Tenmile Creek is a tributary stream of Little Seneca Creek in Montgomery County, Maryland.

==Course==
The headwaters of the stream originate in Thompsons Corner area of the county, about 2 mi northwest of Clarksburg, and the creek flows south for about 2.5 mi, to Little Seneca Lake, a reservoir built on Little Seneca Creek. Little Seneca Creek drains to the Potomac River and the Chesapeake Bay.

==Water quality and land use issue==
The Tenmile Creek watershed is described as one of the highest-quality stream systems in Montgomery County, according to government studies. It is a drinking water source as part of the Little Seneca system, an emergency water supply for the metropolitan Washington, D.C. area. The creek's main stem is extensively forested and the watershed contains some agricultural land. However, the basin is bisected by an interstate highway, I-270, and in the late 1980s the county began planning for additional land development in the Clarksburg area.

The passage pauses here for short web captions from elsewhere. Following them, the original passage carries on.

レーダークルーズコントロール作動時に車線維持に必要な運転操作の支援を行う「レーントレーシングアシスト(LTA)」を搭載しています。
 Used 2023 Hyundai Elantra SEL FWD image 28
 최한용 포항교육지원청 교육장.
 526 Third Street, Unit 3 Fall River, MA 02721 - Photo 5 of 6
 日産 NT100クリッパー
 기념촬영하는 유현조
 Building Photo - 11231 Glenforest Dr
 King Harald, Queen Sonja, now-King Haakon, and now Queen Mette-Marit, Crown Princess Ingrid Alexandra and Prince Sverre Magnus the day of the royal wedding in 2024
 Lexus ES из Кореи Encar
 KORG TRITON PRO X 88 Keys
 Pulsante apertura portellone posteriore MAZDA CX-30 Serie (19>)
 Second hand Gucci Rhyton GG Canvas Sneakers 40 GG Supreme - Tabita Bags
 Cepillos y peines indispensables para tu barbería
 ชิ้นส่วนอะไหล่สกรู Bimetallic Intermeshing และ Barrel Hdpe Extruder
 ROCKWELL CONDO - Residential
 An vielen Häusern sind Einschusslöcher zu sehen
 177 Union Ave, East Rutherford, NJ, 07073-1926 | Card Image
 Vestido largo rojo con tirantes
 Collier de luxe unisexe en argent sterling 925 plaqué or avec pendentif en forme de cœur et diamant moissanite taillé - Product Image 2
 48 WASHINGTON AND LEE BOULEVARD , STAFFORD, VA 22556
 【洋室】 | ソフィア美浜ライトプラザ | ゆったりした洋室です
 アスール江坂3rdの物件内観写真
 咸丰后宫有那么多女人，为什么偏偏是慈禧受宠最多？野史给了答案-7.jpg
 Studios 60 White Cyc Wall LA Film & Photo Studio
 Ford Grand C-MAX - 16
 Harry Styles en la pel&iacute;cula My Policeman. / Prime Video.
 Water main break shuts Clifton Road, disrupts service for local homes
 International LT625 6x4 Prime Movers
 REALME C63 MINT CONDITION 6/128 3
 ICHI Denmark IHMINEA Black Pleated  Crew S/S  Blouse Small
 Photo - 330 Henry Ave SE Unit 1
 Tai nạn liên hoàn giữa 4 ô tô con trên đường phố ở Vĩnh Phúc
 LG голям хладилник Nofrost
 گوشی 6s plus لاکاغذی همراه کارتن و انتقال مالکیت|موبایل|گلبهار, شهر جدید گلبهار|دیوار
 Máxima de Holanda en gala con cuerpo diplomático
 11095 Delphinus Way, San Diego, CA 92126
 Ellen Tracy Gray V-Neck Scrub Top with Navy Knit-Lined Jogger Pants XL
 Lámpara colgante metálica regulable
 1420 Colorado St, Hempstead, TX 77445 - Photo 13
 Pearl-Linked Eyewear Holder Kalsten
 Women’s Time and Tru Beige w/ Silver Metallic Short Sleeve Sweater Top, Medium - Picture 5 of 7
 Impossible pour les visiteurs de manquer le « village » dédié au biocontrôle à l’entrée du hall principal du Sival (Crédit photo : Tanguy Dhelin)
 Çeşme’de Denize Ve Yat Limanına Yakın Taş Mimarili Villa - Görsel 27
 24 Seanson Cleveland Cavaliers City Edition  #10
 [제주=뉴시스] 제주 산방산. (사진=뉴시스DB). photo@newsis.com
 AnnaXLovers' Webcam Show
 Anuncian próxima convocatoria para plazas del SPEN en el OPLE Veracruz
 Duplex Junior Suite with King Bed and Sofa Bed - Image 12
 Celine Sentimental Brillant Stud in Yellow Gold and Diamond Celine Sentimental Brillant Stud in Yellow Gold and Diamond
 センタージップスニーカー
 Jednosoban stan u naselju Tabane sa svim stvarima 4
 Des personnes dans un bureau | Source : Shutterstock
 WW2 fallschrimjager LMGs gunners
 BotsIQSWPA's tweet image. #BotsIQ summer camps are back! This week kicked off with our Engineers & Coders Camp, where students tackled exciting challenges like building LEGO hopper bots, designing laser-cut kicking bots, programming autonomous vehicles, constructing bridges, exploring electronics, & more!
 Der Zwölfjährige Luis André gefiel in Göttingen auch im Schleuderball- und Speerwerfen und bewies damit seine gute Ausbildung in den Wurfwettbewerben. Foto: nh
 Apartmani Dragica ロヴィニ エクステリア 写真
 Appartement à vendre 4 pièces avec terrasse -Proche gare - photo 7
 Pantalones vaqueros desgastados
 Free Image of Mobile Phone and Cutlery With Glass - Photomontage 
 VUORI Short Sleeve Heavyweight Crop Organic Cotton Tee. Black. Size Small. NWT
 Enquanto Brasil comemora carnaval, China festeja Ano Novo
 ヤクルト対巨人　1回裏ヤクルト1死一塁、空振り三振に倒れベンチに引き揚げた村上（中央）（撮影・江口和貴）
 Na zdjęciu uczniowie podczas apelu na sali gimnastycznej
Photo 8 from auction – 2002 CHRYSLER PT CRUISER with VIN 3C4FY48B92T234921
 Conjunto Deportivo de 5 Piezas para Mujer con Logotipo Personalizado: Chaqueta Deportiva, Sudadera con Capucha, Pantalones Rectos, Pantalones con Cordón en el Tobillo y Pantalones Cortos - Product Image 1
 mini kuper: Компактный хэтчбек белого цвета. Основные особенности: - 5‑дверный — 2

In 1994 the county government had designated a portion of the watershed as a "special protection area" (SPA) to protect water quality by requiring builders to install extensive controls for stormwater runoff. A follow-up study found that after construction of several projects, water quality in the Little Seneca basin was degraded, despite the SPA requirements. In April 2014, the Montgomery County Council set additional limits on development projects in order to protect the quality of the creek and adjacent habitat. Later that year, developers filed suit against the county, claiming that the county "illegally limited construction on its property." The U.S. District Court in Maryland dismissed the suit in August 2017. The district court's dismissal was affirmed by the Fourth Circuit Court of Appeals on November 29, 2018.